The second installment in a series, especially in the horror genre, is a strange animal unto itself. I could write an entire article on what incarnation a celluloid sophomore effort could take. The possibilities are all over the place. The volatility of the situation comes from two main ingredients: The unexpected success of the original film, and the filmmakers having more money at their disposal the second go ’round. What makes it even more unstable is whether or not the original mastermind comes back to write and direct. It’s the stuff of infinite debate. Will the filmmaker be true to the original vision everyone loved? Is it even possible for the creator to bastardized his own vision? After all, they thought it up in the first place. When I mention the names Raimi, Hooper, and Dante, all came back and made a much lighter sequel as a follow up to infamous cult classics. But does this hold true for everyone?

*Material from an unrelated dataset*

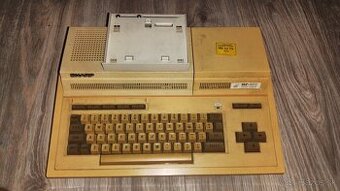 Predám počítač Sharp MZ-800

It’s been 35 years since The Hills Have Eyes 2 was released. It came 7 years after Wes Craven’s legendary road terror film that stepped over boundaries no one even knew were there yet. Seventies cinema was pretty nihilistic, and The Hills Have Eyes (1977 – read our retro review here) left an unapologetic and permanent scar on how dark a film could go.
The Hills Have Eyes Part 2 was a product of its time. Video stores were everywhere. The slasher genre proved what type of horror film could be lucrative, both at the theater and on the new platform of home video. Like the Texas Chainsaw Massacre Part 2 (1986 – read our retro review here), I saw this one before the original, but only because it was prominent on the shelf in my local video store. I hadn’t watched part one yet because, up to that point, the drive-in or a midnight showing was about the only way to see it. When I finally did catch the original with this film as my sole reference, it was like drinking battery acid and expecting it to taste like a Zima.
Craven wrote the screenplay for part 2, and a lot like Tobe Hooper with the Texas Chainsaw Massacre 2, he wasn’t satisfied with the final realization. The two situations with Hooper and Craven parallel quite a bit, but the former’s film has a much better end result. Hooper knew what he was doing by satirizing something that had become so notorious that it was almost impossible to top what he had done before. Unfortunately, Craven was not that self-aware, and the concept of the original was re-packaged as a slasher flick. This one is always on my list of films I want to love, but I can never quite get there.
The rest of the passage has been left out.